#### Aim of the task
Your copy should repeat each record below exactly and contain no images.
*** Opening Entries shown ***
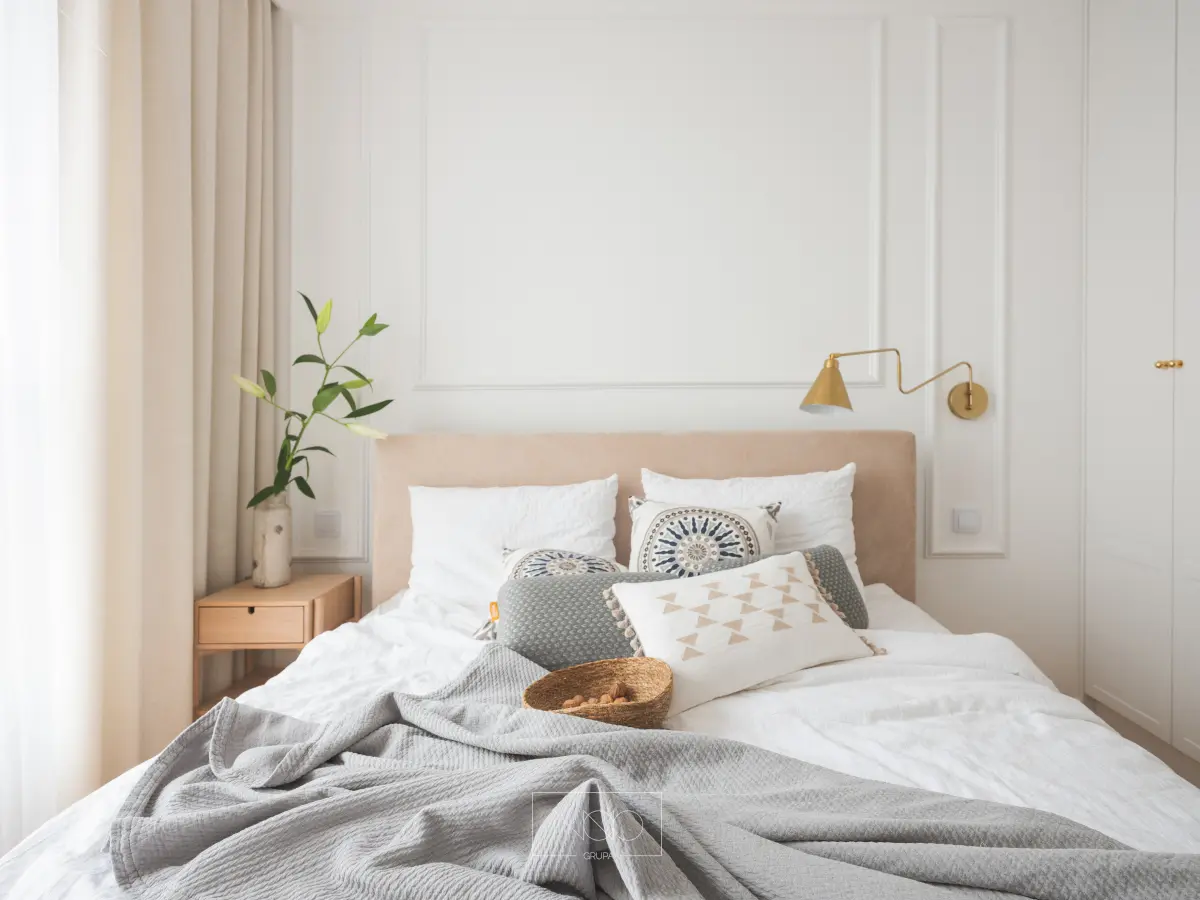 proj. Grupa NONO, zdj. www.niewformie.pl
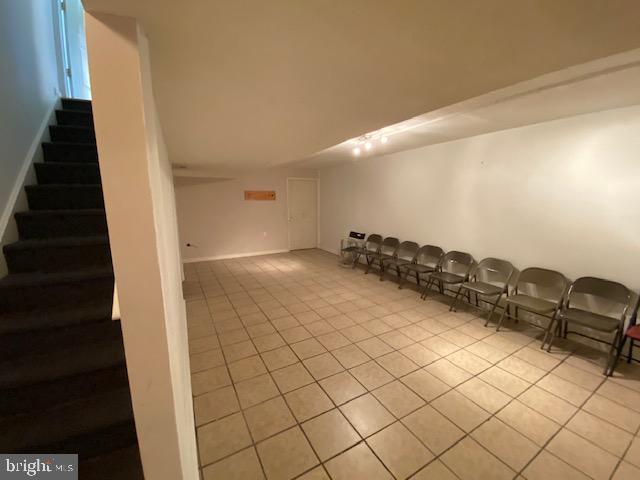 2 Concord Boulevard Sicklerville, NJ 08081 - Photo 24 of 26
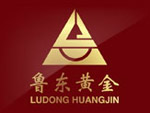 鲁东黄金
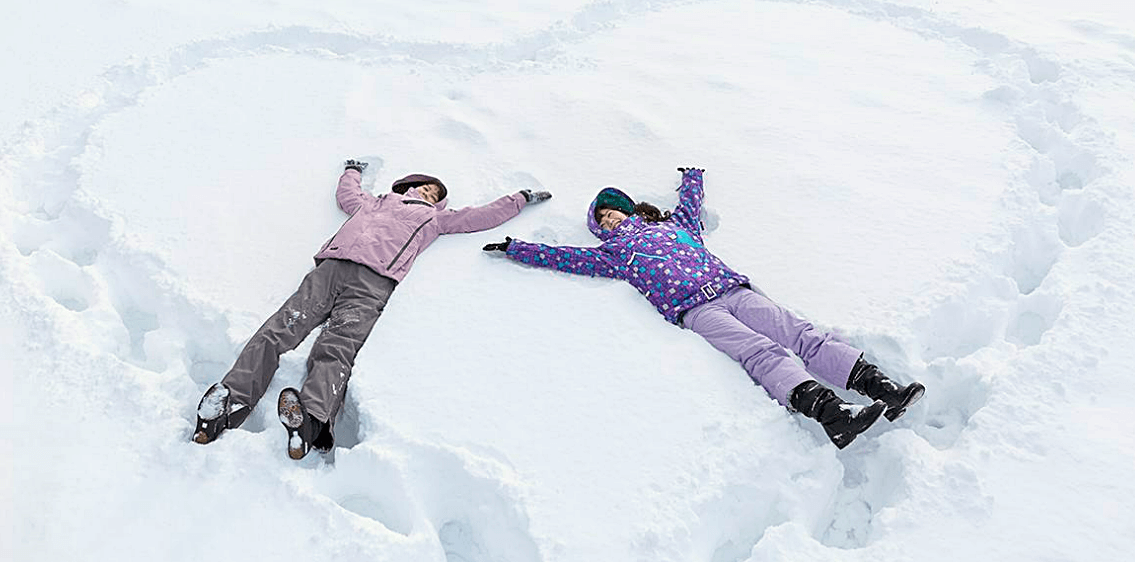 겨울방학-해외여행-일본-삿포르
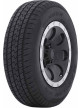 WINRUN MAXCLAW H/T 285/50R20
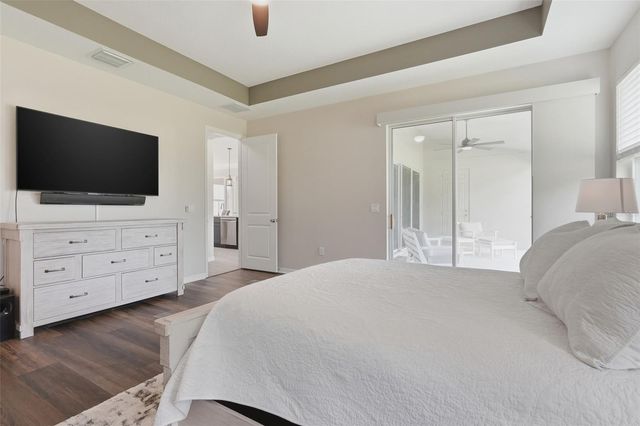 14692 GREEN VALLEY BOULEVARD, Clermont, FL 34711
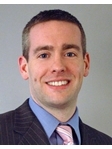 Patrick Simpson Photo 11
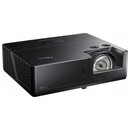 Projektor Optoma ZU507TST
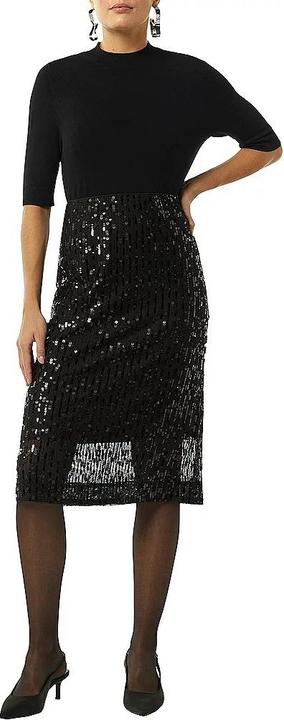 Image du produit Comma Rock (42)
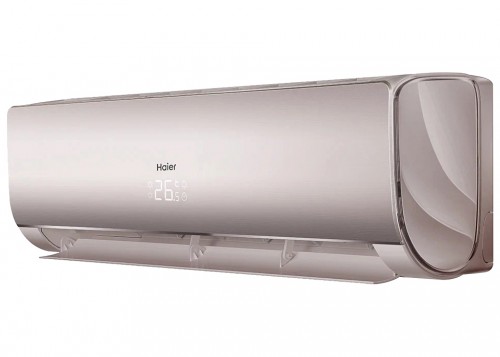 Внутренний блок настенный Haier AS18NS5ERA-G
*** Closing Entries shown ***
#### Completed exercise
 proj. Grupa NONO, zdj. www.niewformie.pl
 2 Concord Boulevard Sicklerville, NJ 08081 - Photo 24 of 26
 鲁东黄金
 겨울방학-해외여행-일본-삿포르
 WINRUN MAXCLAW H/T 285/50R20
 14692 GREEN VALLEY BOULEVARD, Clermont, FL 34711
 Patrick Simpson Photo 11
 Projektor Optoma ZU507TST
 Image du produit Comma Rock (42)
 Внутренний блок настенный Haier AS18NS5ERA-G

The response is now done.